What is Synthetic Graphite?

What are the uses of synthetic graphite?

Synthetic graphite uses cover a variety of applications, including energy storage applications and steel manufacturing, and its particular uses are dependent on its form.

Synthetic graphite typically comes in two forms: electrodes and graphite blocks. The form of synthetic graphite directly determines which industries it will be used in.

• Electrodes: Synthetic graphite electrodes are primarily created using petroleum coke as a precursor and are almost exclusively found in electric-arc furnaces — these furnaces are used for melting steel and iron, and producing ferroalloys.

• Graphite blocks: Synthetic graphite blocks, or isotropic graphite, are primarily used for energy storage in the solar industry. These blocks are made using the same petroleum coke process as electrodes, but differ slightly in the structure of the coke used.

• Secondary synthetic graphite: Secondary synthetic graphite is a by-product material of synthetic graphite production, and it is typically yielded as a powder. This by-product is considered a low-cost graphite material and some forms of it can compete with natural graphite in applications like brake linings and lubricants.

• Primary synthetic graphite: Primary synthetic graphite is typically manufactured in powder form and used for high-end lithium-ion batteries. However, it is more expensive to produce and can cost the same amount as manufacturing an electrode. Unlike its secondary counterpart, primary synthetic graphite is not a by-product material.

Is synthetic graphite better than natural graphite?

As for how synthetic graphite compares to natural graphite, synthetic graphite is purer than natural graphite in terms of carbon content and tends to behave more predictably. This makes synthetic graphite a better option than natural for use in high-performance applications that require higher efficiency and reliability such as lithium-ion batteries for electric vehicles.

On the flip side, as the process is energy intensive, synthetic graphite production can be significantly more expensive than that of natural graphite, and the environmental impact of synthetic graphite is worse as well.

‘Synthetic graphite anode production can be over four times more carbon intensive than natural graphite anode production, due to its use of energy and fossil fuels as a feedstock,’ according to Benchmark.

These higher economic and environmental costs for producing synthetic graphite has led graphite end users to substitute natural graphite for synthetic graphite in battery anodes.

How big is the synthetic graphite market?

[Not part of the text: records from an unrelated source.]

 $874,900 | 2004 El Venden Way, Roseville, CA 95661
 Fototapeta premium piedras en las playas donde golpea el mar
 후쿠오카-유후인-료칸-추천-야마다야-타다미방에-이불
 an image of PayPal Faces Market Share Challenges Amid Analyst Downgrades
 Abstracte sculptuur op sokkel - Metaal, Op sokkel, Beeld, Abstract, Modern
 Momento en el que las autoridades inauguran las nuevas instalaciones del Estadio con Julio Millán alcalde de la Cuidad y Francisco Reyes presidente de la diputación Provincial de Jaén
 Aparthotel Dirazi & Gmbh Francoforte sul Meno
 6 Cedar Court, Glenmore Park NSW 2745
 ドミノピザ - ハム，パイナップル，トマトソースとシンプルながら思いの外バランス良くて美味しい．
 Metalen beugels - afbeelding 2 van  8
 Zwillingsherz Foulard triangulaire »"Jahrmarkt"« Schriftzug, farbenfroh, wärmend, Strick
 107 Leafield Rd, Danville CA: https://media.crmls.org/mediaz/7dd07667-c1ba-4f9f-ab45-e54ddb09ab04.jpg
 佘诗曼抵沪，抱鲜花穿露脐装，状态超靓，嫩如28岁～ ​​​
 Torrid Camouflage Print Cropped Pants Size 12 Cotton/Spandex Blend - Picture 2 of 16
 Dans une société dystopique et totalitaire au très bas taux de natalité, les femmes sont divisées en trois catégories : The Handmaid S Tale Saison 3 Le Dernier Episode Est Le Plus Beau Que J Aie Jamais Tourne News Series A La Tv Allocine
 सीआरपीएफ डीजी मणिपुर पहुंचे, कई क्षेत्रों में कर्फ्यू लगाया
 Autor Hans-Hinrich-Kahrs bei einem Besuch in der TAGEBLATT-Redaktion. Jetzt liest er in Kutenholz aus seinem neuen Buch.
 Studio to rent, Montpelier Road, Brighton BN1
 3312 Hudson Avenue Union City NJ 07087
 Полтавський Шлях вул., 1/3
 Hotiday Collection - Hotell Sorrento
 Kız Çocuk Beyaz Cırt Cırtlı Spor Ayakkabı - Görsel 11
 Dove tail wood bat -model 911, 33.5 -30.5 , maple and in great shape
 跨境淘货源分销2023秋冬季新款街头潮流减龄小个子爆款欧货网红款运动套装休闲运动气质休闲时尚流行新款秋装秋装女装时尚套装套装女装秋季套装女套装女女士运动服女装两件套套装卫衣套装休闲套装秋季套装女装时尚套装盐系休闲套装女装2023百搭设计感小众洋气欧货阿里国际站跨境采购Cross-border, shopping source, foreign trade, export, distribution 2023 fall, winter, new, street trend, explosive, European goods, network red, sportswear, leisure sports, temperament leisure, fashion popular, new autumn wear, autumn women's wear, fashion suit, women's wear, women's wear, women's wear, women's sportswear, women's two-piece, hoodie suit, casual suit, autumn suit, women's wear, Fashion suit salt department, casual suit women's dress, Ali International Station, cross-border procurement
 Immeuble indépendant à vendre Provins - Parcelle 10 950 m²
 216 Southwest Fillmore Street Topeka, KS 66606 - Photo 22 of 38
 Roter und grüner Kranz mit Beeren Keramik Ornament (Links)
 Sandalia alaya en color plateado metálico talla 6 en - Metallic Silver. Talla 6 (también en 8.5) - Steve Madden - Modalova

The global synthetic graphite market size is expected to come in at US$3.41 billion in 2025, according to Mordor Intelligence, and is projected to growing at a CAGR of 6.83 percent to reach more than US$4.74 billion by 2030.

In terms of overall graphite demand, Benchmark Mineral Intelligence expects to see a supply deficit from growth in the battery sector moving forward.

As a whole, it appears graphite’s future is bright. However, synthetic graphite will still face somewhat of an uphill battle. For one, improvements in natural graphite purity are helping it enter the nuclear technology and high-end battery markets, which have typically been owned by synthetic graphite.

Price will certainly continue to be a determining factor in the competition between natural and synthetic graphite. Data from S&P Global Market Intelligence shows that processing synthetic graphite is three times as energy intensive as processing natural graphite, which translates into higher costs for the artificial material.

Going forward, higher synthetic graphite prices are expected, as are higher natural graphite prices, as demand rises and electric vehicle battery manufacturers vie for the limited supply outside of China.